Non è semplice spiegare bene questo concetto della zona rossa per chi non segue l’argomento da tempo e con attenzione, ma è necessario cercare di comprendere astuzie e ingenuità, visto che in gioco ci sono le vite dei burattini vesuviani odierni e futuri.
Il Comune di Boscoreale con sentenza del tribunale amministrativo regionale (TAR) n° 02561/del 05.08.2014 si è visto riconoscere il diritto ad estrapolare la parte di territorio comunale eccedente la linea nera Gurioli, in modo da uscire dalla tenaglia regionale che vieta l’edificato residenziale e i condoni edilizi nella zona vulcanica a maggior rischio (Rossa 1). La sentenza del TAR infatti, ha accolto il ricorso del Comune di Boscoreale e per tale motivo la Regione Campania nonostante il grande impegno dell'assessore Edoardo Cosenza, dovrà procedere alla ridefinizione della zona rossa 1 che sarà, in assenza di volontà specifiche dei comuni o decreti governativi, coincidente totalmente con l’area definita dalla linea nera Gurioli. La sentenza infatti, sostanzialmente lascia intendere che la Regione non può sostituirsi alla commissione grandi rischi (consesso scientifico) nella definizione della zona a maggior pericolo identificata appunto col perimetro Gurioli.

Boscoreale prima della sentenza TAR:
 intero territorio in rossa1
La mappa a sinistra mostra il comune di Boscoreale prima della sentenza del TAR. Tutto il comprensorio è in zona rossa 1 e quindi come detto soggetto alla legge regionale 21 del 2003 che vieta l’edilizia residenziale. La cartina sottostante invece,mostra il Comune di Boscoreale dopo la sentenza del TAR del 2014. Come vedete la parte eccedente la linea nera Gurioli deve 
Boscoreale dopo la sentenza TAR: territorio suddiviso
dalla linea nera in rossa 1 e rossa 2
intendersi amministrativamente in zona rossa 2. Cos’è la zona rossa 2? Una parte di territorio dove si dovrà scappare a gambe levate in caso di allarme vulcanico ma nel contempo è ancora possibile costruire con tanto di licenza edilizia e condonare gli abusi edilizi… Ovviamente le sentenza fanno giurisprudenza e,quindi, ciò che vale per Boscoreale vale pure per gli altri comuni attraversati dal segmento Gurioli, tra cui Pompei, Torre Annunziata e altri..
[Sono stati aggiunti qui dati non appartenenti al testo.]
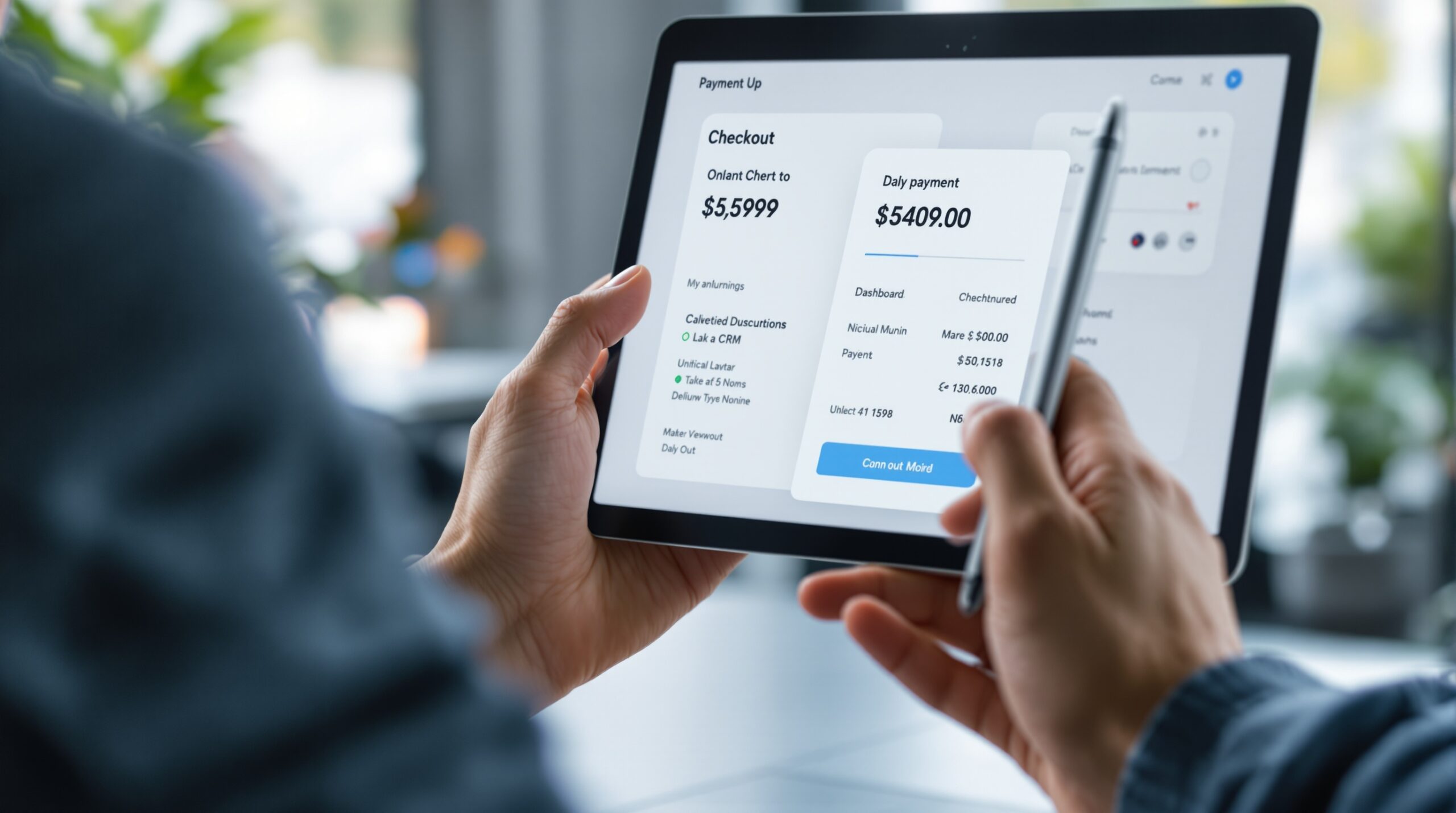 Online payment screen for community platform pricing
Con la sentenza del TAR tutte le casette in rosso nella mappa sottostante si trasformeranno in verde. La linea Gurioli sarà quindi destinata ad avere una crescente importanza al catasto quale limite di inedificabilità totale piuttosto che un limite scientifico di pericolo, tra l’altro di taglio deterministico…
Difficile dormire con queste schizofrenie amministrative… alla fine rimane solo l'amarezza nel constatare che lo stesso Stato è produttore di rischio in un mondo che pare quello di Collodi e l’informazione che dovrebbe puntare su un giornalismo investigativo quale valore della democrazia, si riduce invece alla pubblicazione in serie delle veline passate dalle varie segreterie... 


Le casette rosse identificano il territorio soggetto inizialmente all'inedificabilità residenziale. Con la sentenza del TAR del 2014  l'area compresa tra il tracciato rosso e nero diventa Rossa 2 e sarà quindi possibile edificare e condonare gli abusi edilizi.